角島(つのじま)という孤島にある、十角形の建物・十角館を、大学のミステリ研究会の男女が訪れる。島外と行き来できず、連絡もとれない状況で、メンバーが次々に殺されていく。一方、本土ではミス研の元メンバー・江南(かわみなみ)孝明が、十角館を設計した建築家・中村青司が他4名とともに角島にある本館・青屋敷で死亡した過去の事件の謎を追う。
島と本土で並行して進む物語は、原作では真実を示す決定的な1行によって、それまでの構図が一挙にひっくり返される。ページをさかのぼれば確かに伏線ははられており、読者は作者の罠にかかっていたのだった。その1行の衝撃は、小説ならではの仕掛けだと思われてきたし、映像化不可能といわれてきた。ところが、内片輝が監督・演出したドラマは、仕掛けをある方法で映像に置き換えている。あの1行のセリフも登場する。原作を未読のまま観る人は驚くだろうし、読後に観る人もドラマ版の工夫の大胆さに感心するだろう。
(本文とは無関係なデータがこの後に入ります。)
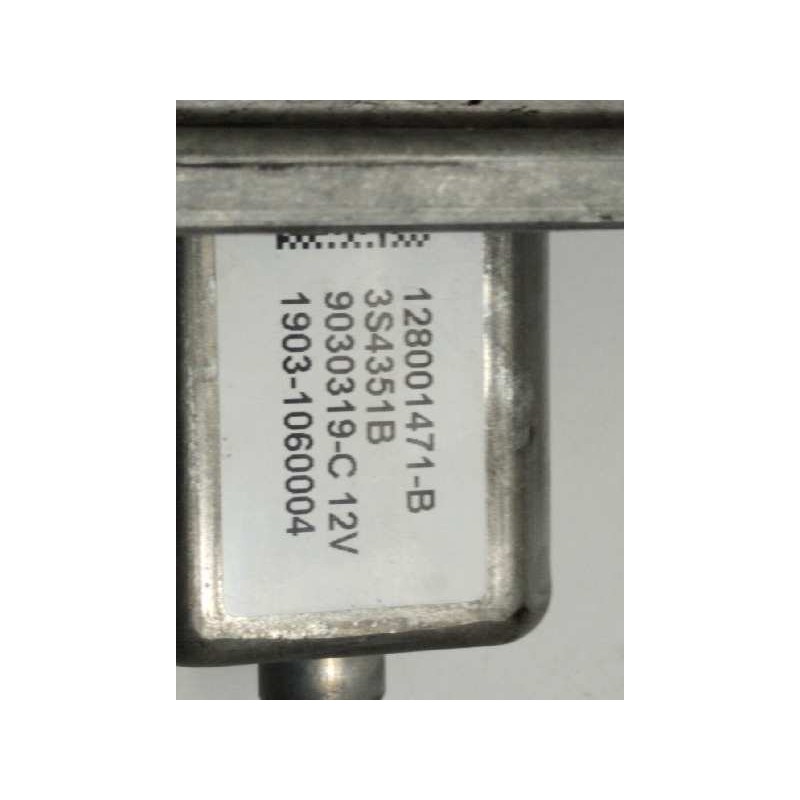 Recambio de elevalunas delantero derecho para renault captur 1.2 tce energy referencia OEM IAM 128001471  807200713R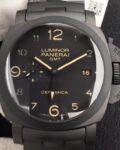 VS Factory Replica Watches Panerai Luminor GMT PAM438 Black Ceramic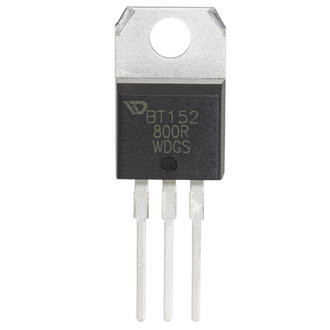 BT152-800R (BT152-800), Тиристор 20А 800В 25мА [TO-220AB] - изображение 1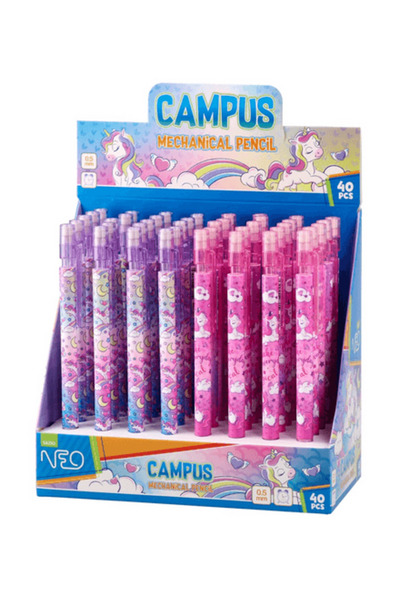 Sazio Campus Unicorn creion mecanic de 0.5mm cu radieră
『十角館の殺人』は、37年前の1987年に発表された。エポックメイキングな作品であり、以後の国内の本格ミステリに大きな影響を与えてきた。つまり、新しめの古典である。とはいっても同作は、単独で存在できたわけではない。作中でも言及される通り、孤島で連続殺人が起きるクローズド・サークル(閉ざされた空間)のシチュエーションは、アガサ・クリスティ『そして誰もいなくなった』を下敷きにしている。また、怪しげな洋館で事件が起きるミステリは、旧くから書かれてきた。奇妙な形の建物を舞台にしたものとしては、綾辻がデビュー前から交流を持っていた先輩作家・島田荘司の『斜め屋敷の犯罪』(1982年)も、館ものの傑作として知られている。『十角館の殺人』は、クローズド・サークル、館といった定番の設定を用いつつ、新たな発想を加えて読者を驚かせた作品なのだ。
1960年生まれで京都大学推理小説研究会出身の綾辻は、謎解きを主眼とする本格ミステリを愛読していたものの、青少年期を過ごした1970~1980年代は、社会派ミステリやハードボイルドなどの方が隆盛だった。このため、前記のクリスティや島田も含め、本格ミステリの先行作品から伝統を吸収したうえで、自身が読みたいと思う小説を執筆したのが『十角館の殺人』だった。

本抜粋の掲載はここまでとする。